第14話 人は、笑顔の奥に、どんなに悲しいことがあったことでしょう

 源空(法然)上人の吉水の草庵には、多くの人々が集っていました。その中に、親鸞聖人の妻となる恵信尼(えしんに)さまもいました。恵信尼さまは、京都の貴族・三善 為教(みよし ためのり)の息女と言われています。
 源空上人の教え―苦悩を抱えて生きる衆生を、その苦悩のままに、阿弥陀如来はお救いくださいます―を聞き続けられた善信(親鸞)と恵信尼。ひたむきに教えを聞き続けられました。

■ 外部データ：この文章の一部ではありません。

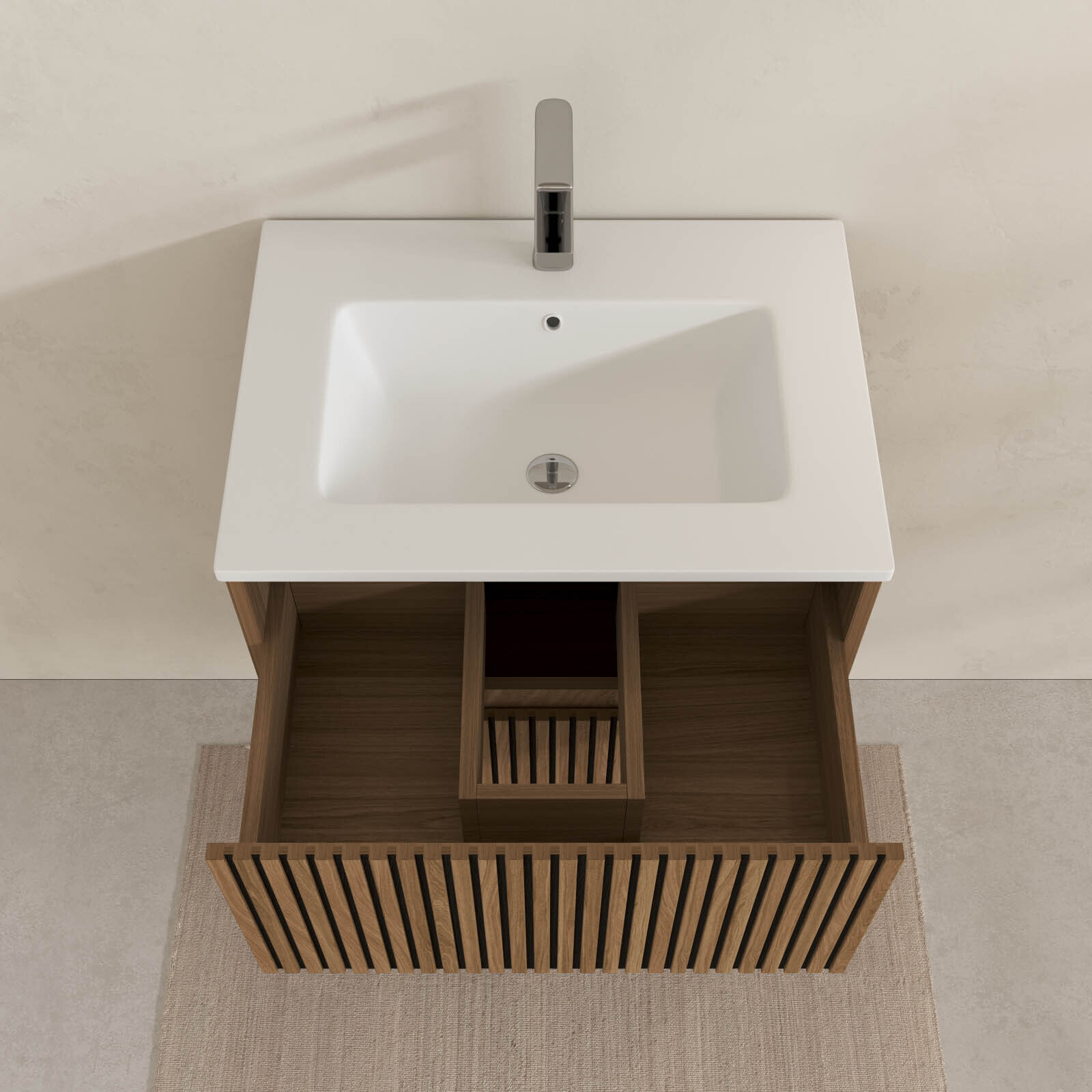 Meuble Salle de Bains 60cm 2 Tiroirs Décor Chêne et Noir Cranté - Vasque Blanche Mate - YUKI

 善信は、初めて源空上人の草庵に来た頃に比べ、顔つきが柔和になってきました。しかし、顔つきが柔和になられたのは、源空上人の教えによって、それまで抱えていた苦悩が無くなったからではありません。苦悩を抱えるには、苦悩を抱えるに至った縁があります。縁とは、良いことばかりではありません。私にとってつらいことも含めて縁なのです。いくつもの縁が重なり合って、今の私がある。そんな当たり前のことに目覚め、善信は初めて前を向いて歩き始めたのです。
 いつの頃からでしょう。そのような善信の変化に気付いた恵信尼さまは、源空上人からいただいた教えを語り伝える善信の姿を、頼りとされるようになりました。
 恵信尼さまは感じます。「この方の笑顔の奥には、どれだけの悲しみや葛藤があったことでしょう。この方をお救いくださった阿弥陀如来の誓願を、私も頼りとして生きてまいります。南無阿弥陀仏」

 親鸞聖人は、日本仏教史上初めて公に結婚した僧侶として言われています。当時の結婚は、夫が妻の家に入る形が主流でした。そして、想いが変われば他の女性の元へ行くことも、当時の慣わしとしては批判されるようなことはありませんでした。そのような時代のなか、聖人と恵信尼さまは、生涯を共にされます(晩年は別々に住まわれますが)。
 お互いに観音菩薩(慈悲の象徴)の生まれ変わりであると述懐されていることからも、おふたりにとって、お互いの存在の大切さが伝わって来ます。